#### Work item:
Each entry that follows is to be retyped exactly. Pictures do not belong in the copy.

#### Source material:
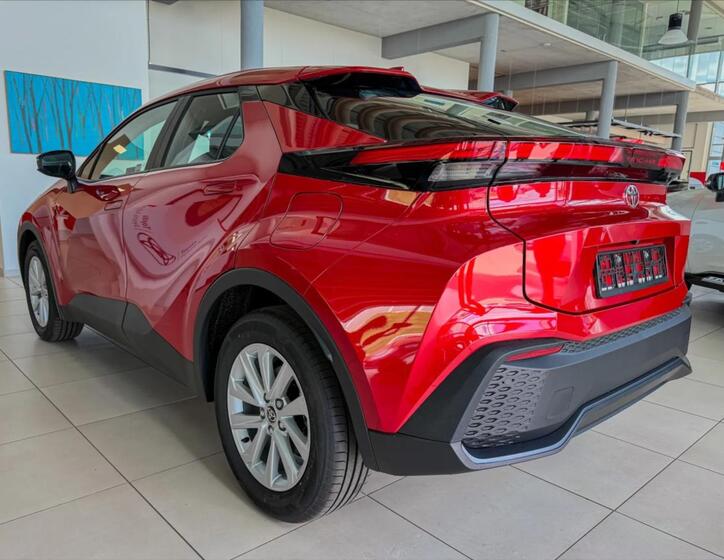 Toyota C-HR 7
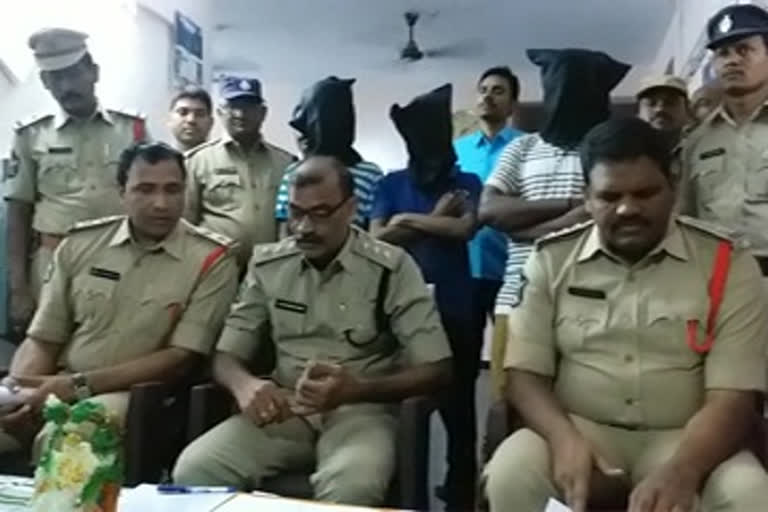 inter state theifs arrested in prakasam dst giddaloor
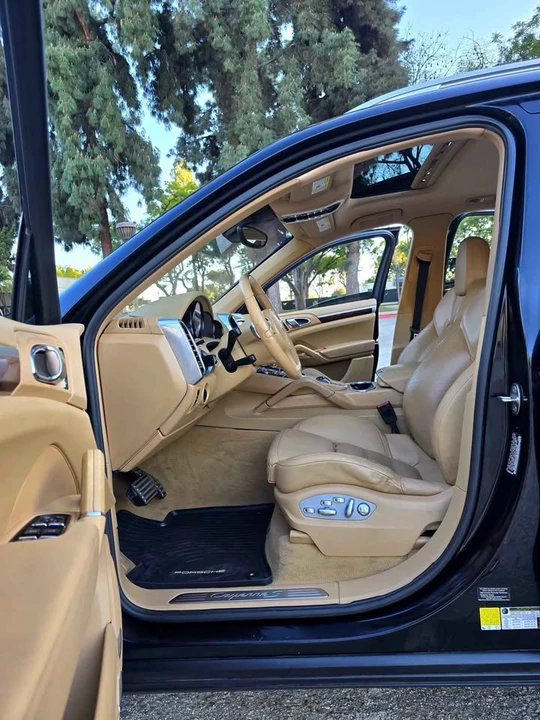 2011 Porsche 958 Cayenne S - Image 10 of 18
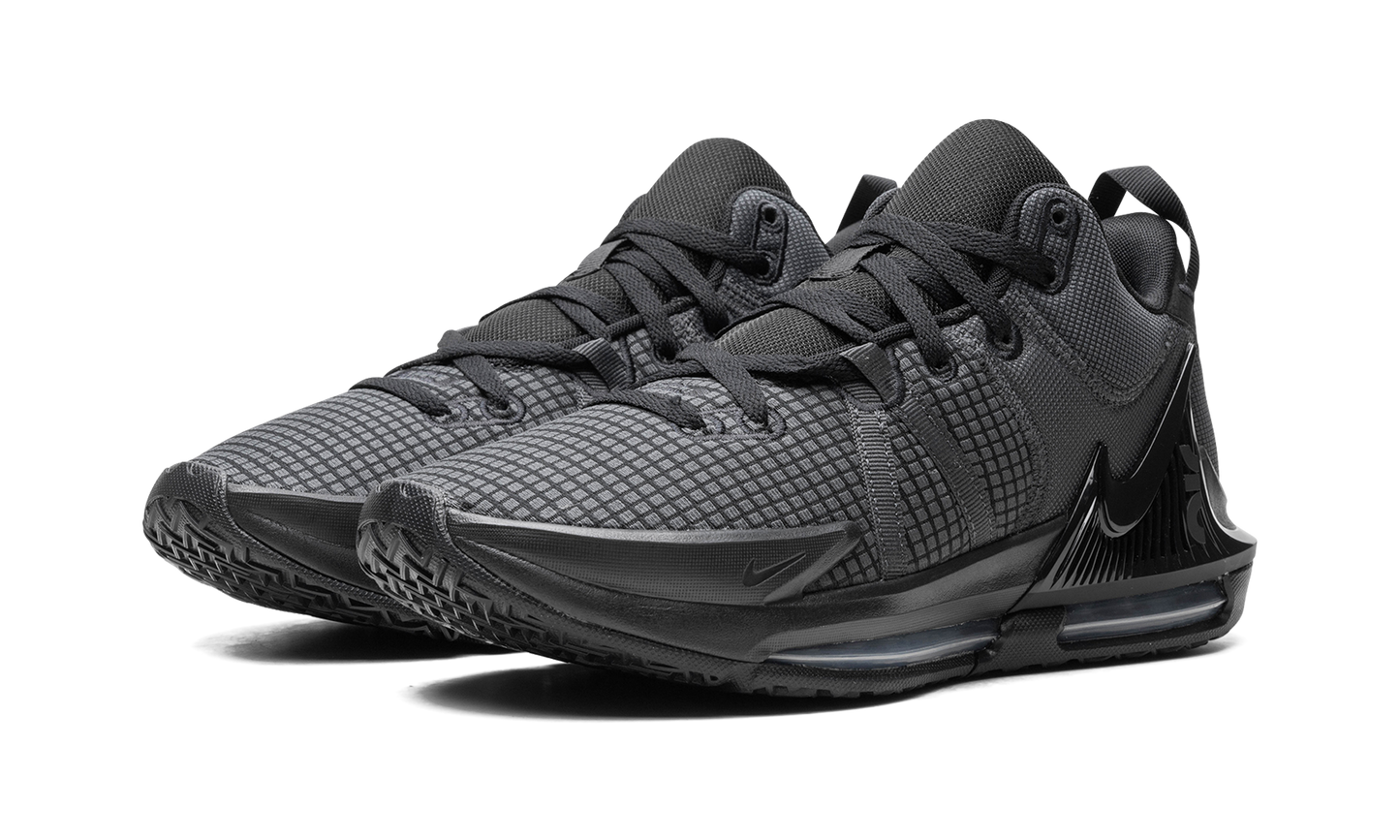 LEBRON WITNESS 7 Black DM1123 004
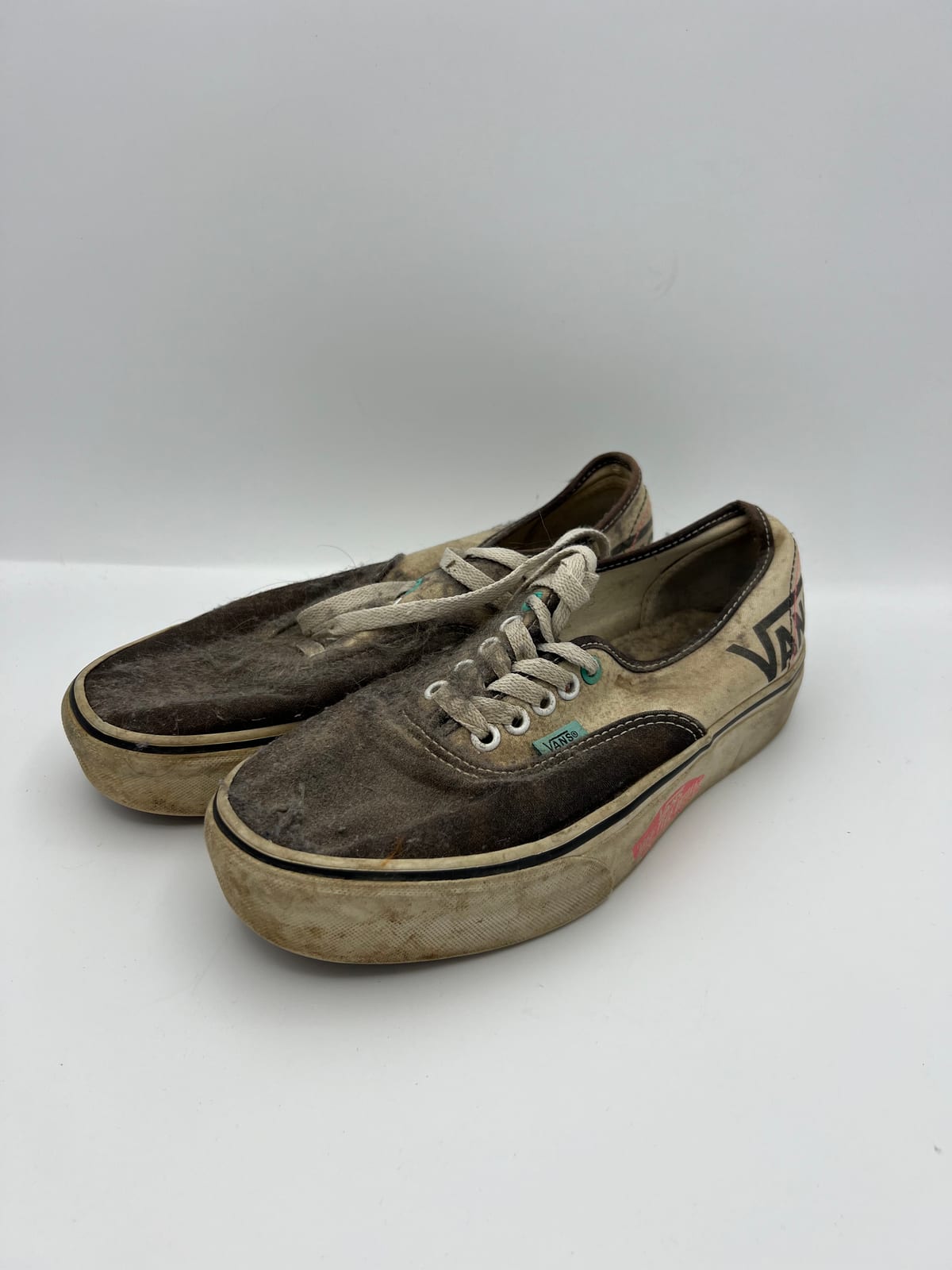 Vans Authentic noires et beige avant les soins, avec des matières, des lacets et des semelles encrassés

#### Solution for this exercise:
 Toyota C-HR 7
 inter state theifs arrested in prakasam dst giddaloor
 2011 Porsche 958 Cayenne S - Image 10 of 18
 LEBRON WITNESS 7 Black DM1123 004
 Vans Authentic noires et beige avant les soins, avec des matières, des lacets et des semelles encrassés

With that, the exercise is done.